The “unbearable?” lightness of being
August 14th, 2006 by mitkit.The other night I spent some significant time trying to calm my wandering mind; I was at one of those points when I was feeling quite lonely, even in this world where it is difficult to really be lonely….sitting in a coffee shop in the middle of a large metropolis which is permeating with materialism and the desire for status and power, LA,…and I started thinking about many different things….the words put together by the eloquent wordsorth came into my mind….. “The world is too much with us; late and soon, Getting and spending, we lay waste our powers: Little we see in Nature that is ours; We have given our hearts away, a sordid boon!” And I started thinking, as people-particularly as Americans in this culture, we like to aim for a goal to go “higher” than that which we are, and as people thus we must expect, at one point to experience vertigo. So, what is vertigo? Is it the fear of falling when we get to that “higher” place? Kundera said, no, vertigo is something other than the fear of falling. It is the voice of the emptiness below us, it is the desire to fall, against which, terrified, we defend ourselves. Maybe, we shouldn’t aim to that higher place at all then? Maybe instead of reaching, only to find our own emptiness below us, we should look to what is right before us. Are the “burden’s” that bury us really burden’s at all? Or, is it that “unbearable lightness” that we aspire to the real burden, for that is what opens up the emptiness-this is the way I am, circular in my reasoning- part of what is going on is I think it’s finally hitting me, in a little over a month I will really be going, doing something, and I’m not trying to go any “higher”, I’m simply trying to prepare for an experience that is different, that is ambiguous, and I hope that through all of this I don’t lose the childhood innocence and wonderment for all that is good in the world-if anything I feel that this is opening those traits up and pushing them forward in my consciousness…….in any case, all I know is that life is flux, ever-changing; Ghandi, I suppose is right, I should just live as if I will die tomorrow, and learn as if I will live forever.

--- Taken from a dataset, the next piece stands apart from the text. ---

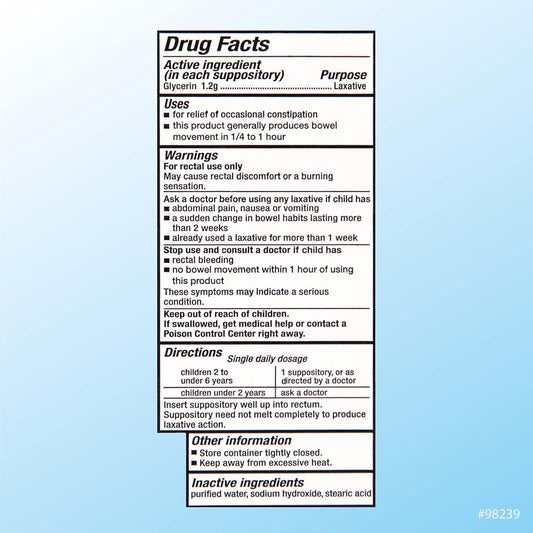 Quality Choice 嬰兒甘油栓劑,緩解便秘,每劑 25 粒(2 包)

August 16th, 2006 at 10:43 am
Where are you going?
I think for the most part people don’t strive to “go higher” as you wrote… I think we get caught up pretty easily in the work-consume mode of everyday life, similar to the scene you described in LA. The scary part is never — or not wanting to — pull yourself out of that mode from time to time.
At least for me, PC can provide an opportunity for a person to step back from that lifestyle for a minute (i.e. 2 years) and begin to look at what is important again. At the same time, you are providing needed skills, helping others to access resources or competencies and showing that America is not JUST all about consumerism and materialism. There are people who, underneath the compulsion to fit in to the consumer framework, actually want to help others, want to change poverty, want to do grassroots work here and abroad.
Finally, (and I’m struggling with this) there is the dynamics of why people join PC. There is this dynamic between authentic altruism and “self-improvement” which many volunteers have talked about. Going into PC myself next month, I am beginning to look at this process as something which will ultimately be highly reciprocal in character. But like you have said, this process seems so ambiguous at times that it stirs up fears and anxiety if not existential dread, but of course these things are often accompanied by excitement too!